FLAC urges the Committee to recommend that the State:

  • Undertake a human rights and equality impact assessment on all proposed budgetary measures, make these assessments publicly available and ensure they are discussed by the Oireachtas.


1 Department of Public Expenditure (2013) Revised Estimates for Public Services, Dublin: Stationery Office, p.9.

2 Department of Social Protection (2014) Annual Report 2013, Dublin: Government of Ireland, p.6. This represents a 3.2 per cent compared to the €20.23 billion spent in 2013.

3 Government of Ireland (2013) 2014 Expenditure Report, Dublin: Stationery Office.

4 In 2013, 611,366 recipients received a monthly Child Benefit payment, paid in respect of 1,168,582 children but as the data does not indicate how many of these were also in receipt of another social welfare payment, these figures cannot be deducted from the total number of recipients and beneficiaries.

5 UN Committee on Economic, Social and Cultural Rights (2013) Third periodic reports of States parties due in 2007: Ireland, Geneva: OHCHR.

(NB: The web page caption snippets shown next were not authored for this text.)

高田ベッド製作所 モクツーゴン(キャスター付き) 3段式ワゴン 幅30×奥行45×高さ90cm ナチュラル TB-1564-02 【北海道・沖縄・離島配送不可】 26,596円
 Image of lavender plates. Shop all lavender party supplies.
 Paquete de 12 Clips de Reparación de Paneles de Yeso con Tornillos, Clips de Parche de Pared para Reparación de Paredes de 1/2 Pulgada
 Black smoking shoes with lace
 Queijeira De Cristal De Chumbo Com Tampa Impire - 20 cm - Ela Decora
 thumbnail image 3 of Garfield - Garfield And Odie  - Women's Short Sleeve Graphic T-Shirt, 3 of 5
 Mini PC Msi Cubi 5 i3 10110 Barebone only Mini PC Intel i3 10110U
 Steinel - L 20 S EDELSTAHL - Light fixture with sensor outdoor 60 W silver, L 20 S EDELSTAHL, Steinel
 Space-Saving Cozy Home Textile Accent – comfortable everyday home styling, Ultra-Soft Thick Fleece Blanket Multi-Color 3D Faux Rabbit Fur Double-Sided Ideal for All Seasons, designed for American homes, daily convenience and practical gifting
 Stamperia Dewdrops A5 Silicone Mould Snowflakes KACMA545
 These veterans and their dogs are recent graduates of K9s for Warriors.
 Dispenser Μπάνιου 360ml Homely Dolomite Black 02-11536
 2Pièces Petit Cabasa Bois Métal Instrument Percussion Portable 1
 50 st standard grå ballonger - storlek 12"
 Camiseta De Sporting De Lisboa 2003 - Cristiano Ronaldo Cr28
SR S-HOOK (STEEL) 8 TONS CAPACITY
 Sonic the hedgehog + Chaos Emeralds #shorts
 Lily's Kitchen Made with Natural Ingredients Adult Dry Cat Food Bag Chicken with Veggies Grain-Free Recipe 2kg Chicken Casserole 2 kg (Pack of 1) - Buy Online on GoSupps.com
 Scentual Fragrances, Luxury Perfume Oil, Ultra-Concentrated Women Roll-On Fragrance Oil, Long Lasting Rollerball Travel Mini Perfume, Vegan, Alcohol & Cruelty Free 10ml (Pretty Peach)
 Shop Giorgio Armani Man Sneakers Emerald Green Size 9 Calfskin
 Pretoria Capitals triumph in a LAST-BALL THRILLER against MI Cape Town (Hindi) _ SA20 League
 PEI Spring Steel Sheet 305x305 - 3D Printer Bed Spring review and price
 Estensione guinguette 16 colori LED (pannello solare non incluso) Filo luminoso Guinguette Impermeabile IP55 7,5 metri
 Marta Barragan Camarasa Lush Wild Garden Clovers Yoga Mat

6 Department of Social Protection (2014) Annual Report 2013, Dublin: DSP,

7 Department of Social Protection (2014) Social impact assessment of the main welfare and tax measures for 2014, Dublin: DSP, p.2.

8 Central Statistics Office (2009) Survey on Income and Living Conditions (SILC) 2008, Dublin: Stationery Office, p.6.

9 Central Statistics Office (2014) Survey on Income and Living Conditions (SILC) 2012, Cork: CSO, p.1.

10 Department of Social Protection (2013) Budget Factsheet 2013, Dublin: Department of Social Protection.

11 Central Statistics Office (2014) Quarterly National Household Survey: Quarter 2 2014, Cork: CSO.